Evolution of acquired stress resistance in an opportunistic yeast pathogen

”What does not kill you makes you stronger” has become a well-known modern proverb meaning that one who endures and overcomes a stressful time eventually becomes more resilient and tougher for similar or even more difficult times. A similar phenomenon has been ubiquitously observed in nature in many organisms from single cell organisms like bacteria and fungi, to organisms with more sophisticated structures and systems like mammals. We and other researchers call this phenomenon “acquired stress resistance” (ASR). In ASR, prior experience can influence the organism’s resistance to a future challenge. Currently, most studies are focused on unraveling the molecular mechanism underlying this phenomenon, while much less is known about its emergence and the evolutionary processes that have maintained the key structures while fine-tuning specific features.

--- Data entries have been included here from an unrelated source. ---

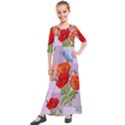 Seamless Pattern With Roses And Butterflies Kids  Quarter Sleeve Maxi Dress View1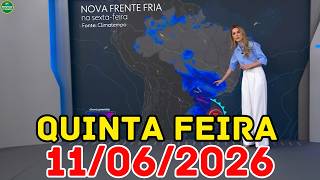SUL E SUDESTE SEGUEM EM ALERTA PARA CHUVA | Previsão do Tempo Jornal Nacional 11/06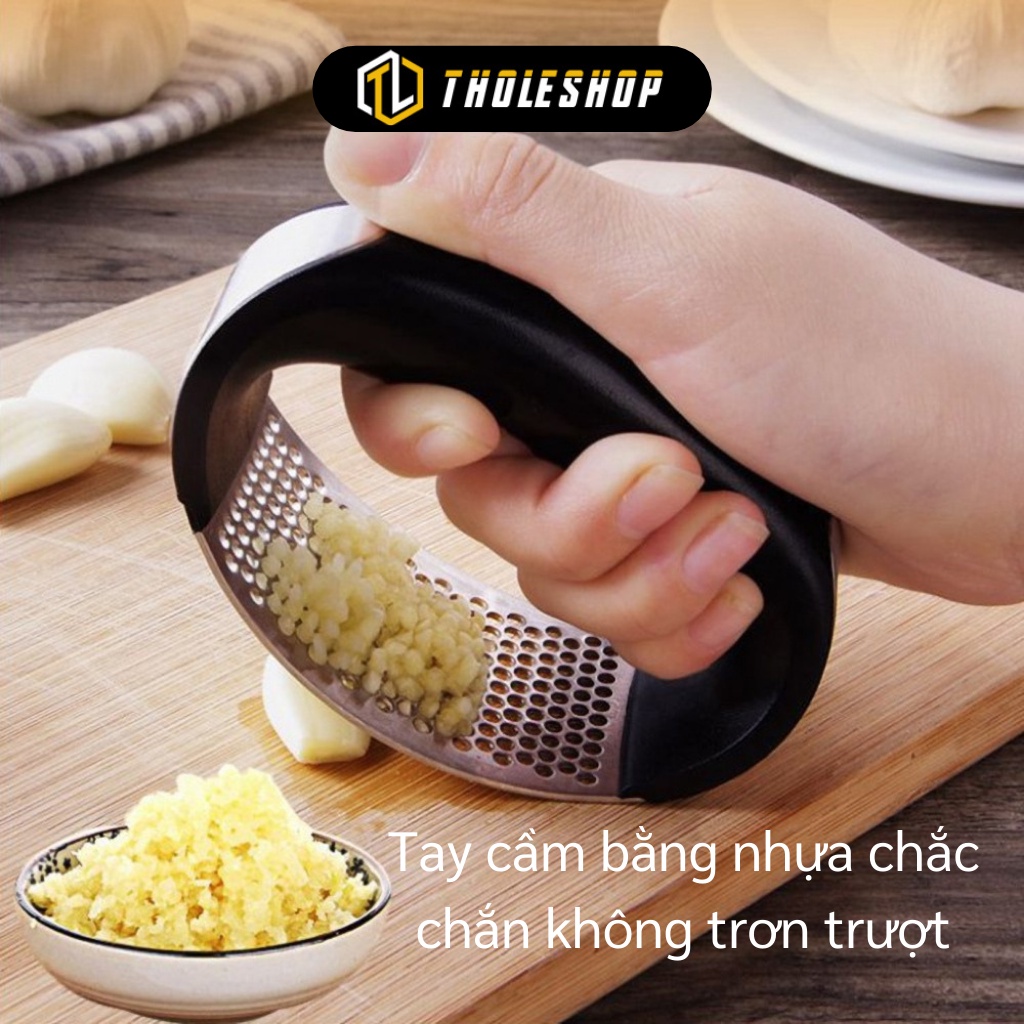 Đồ Ép Tỏi - Dụng Cụ Nghiền, Dập Tỏi, Hành, Gừng Inox Cán Đen Cao Cấp 8282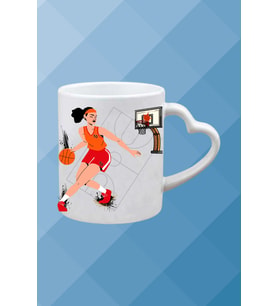 Basketboll Temalı Kadın Oyuncu Baskılı Kalpli Kulp Kupa Bardak Çay Kahve Fincanı-3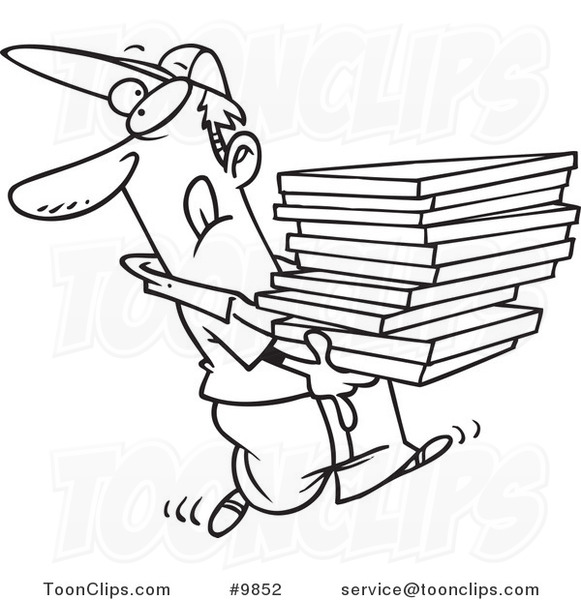581x600 cartoon black and white line drawing of a goofy pizza delivery boy - Pizza Drawing Black And White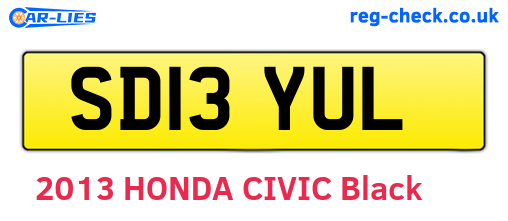 SD13YUL are the vehicle registration plates.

To understand the emergence and evolutionary process of ASR, we utilized related yeasts. Yeasts are advantageous in investigating basic biological questions due to their small genome size, short proliferation time, and ease of handling. We have found that the details of ASR diverged between the baker’s yeast and a pathogenic yeast Candida glabrata, which is a common cause of candidiasis in immunocompromised people. Furthermore, we characterized the molecular mechanism underlying the divergence of ASR by examining the behavior of three key proteins: the protein complex hub Target of Rapamycin Complex 1 (TORC1), the signal relay protein and transcription factor Msn4, and the effector protein catalase. Our findings provide the first clear-cut example of ASR divergence. Differences in ASR in different species may relate to their adaptation to their respective natural habitats and impact their pathogenicity and virulence potential.